Moviegoers may remember that in the 2015 hit The Martian, Matt Damon finds himself stuck on Mars and engineers all sorts of survival mechanisms. According to his calculations, an Earth rescue mission would need no less than 414 days to come to his aid.

NASA analyzed a new warp drive engine, whose inventor claims that it can reach the Red Planet in about a sixth of that time.
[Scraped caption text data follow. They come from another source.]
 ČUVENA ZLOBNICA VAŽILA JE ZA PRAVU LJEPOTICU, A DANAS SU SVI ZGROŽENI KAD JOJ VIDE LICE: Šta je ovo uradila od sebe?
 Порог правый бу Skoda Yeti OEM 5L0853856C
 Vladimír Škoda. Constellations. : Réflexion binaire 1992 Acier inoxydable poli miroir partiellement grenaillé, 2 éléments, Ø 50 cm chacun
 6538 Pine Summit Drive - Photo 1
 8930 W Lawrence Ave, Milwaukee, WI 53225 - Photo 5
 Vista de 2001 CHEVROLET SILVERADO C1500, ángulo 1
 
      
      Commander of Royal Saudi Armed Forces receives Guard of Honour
Despite the big number of skeptics from the science community, the engine allegedly does its magic by putting bouncing microwaves within an enclosed space to good use.

In case you were wondering, the engine is dubbed EmDrive and is said to work based on electricity coming from solar panels.

Sources indicate that the NASA paper detailing the design and build of the engine successfully went through a rigorous peer review process.

Yahoo reports that the paper will be published by the American Institute of Aeronautics and Astronautics' Journal of Propulsion and Power. Passing the peer review stage is only a step in the laborious process of turning an idea into a device.

Usually, peer-reviews mean simply that independent experts from various fields read and review the work undertaken, and then label it as having sufficient quality to be a valuable contribution to the respective field. It is far from saying that the results or the conclusion of the paper are correct. Most times, papers get challenged by upcoming works from other scientists, thus expanding the field.

Keep in mind that the concept of an EmDrive is nothing new.

The scientific community has tinkered with the idea for at least 15 years. Roger Shawyer, a United Kingdom-based scientist, was the first to investigate it in 2001.

It is not hard to see the attractiveness of the idea.

Seeing how people from the '70s expected us to have flying cars by now and acknowledging how Sci-Fi is coming back into mainstream with spectacular force, a 10-week trip to the surface of Mars is the least Science can do.

One question that pops up relentlessly from the scientific community refers to the apparent lack of exhaust in the engine.

Newton's third law, "for every action, there's an equal and opposite reaction" has never been challenged, despite tremendous breakthroughs in Science. This would imply that, should a rocket travel one way, something must be going the other way.

Dr. Arto Annila, the lead author of the paper, responds to critics and points out that maybe we lack the means to measure the actual exhaust of the revolutionary engine.

"EmDrive works just like any other engine," he told Daily Mail.

According to the paper, there is a possibility that the photons coming out of the enclosed space are interfering with one another, making it seem like there is no exhaust.

Some were more critical than others with the EmDrive idea.

Colin Johnston, an expert with the Armagh Planetarium, delivered a massive critique of the EmDrive and the shaky findings of numerous tests. Discovery 's Corey S. Powell also indicted Shawyer's EmDrive, and pointed fingers at the precocious enthusiasm that the headline has generated over the internet.

Both scientists underline the importance of discretion when reporting on such potentially history-changing inventions.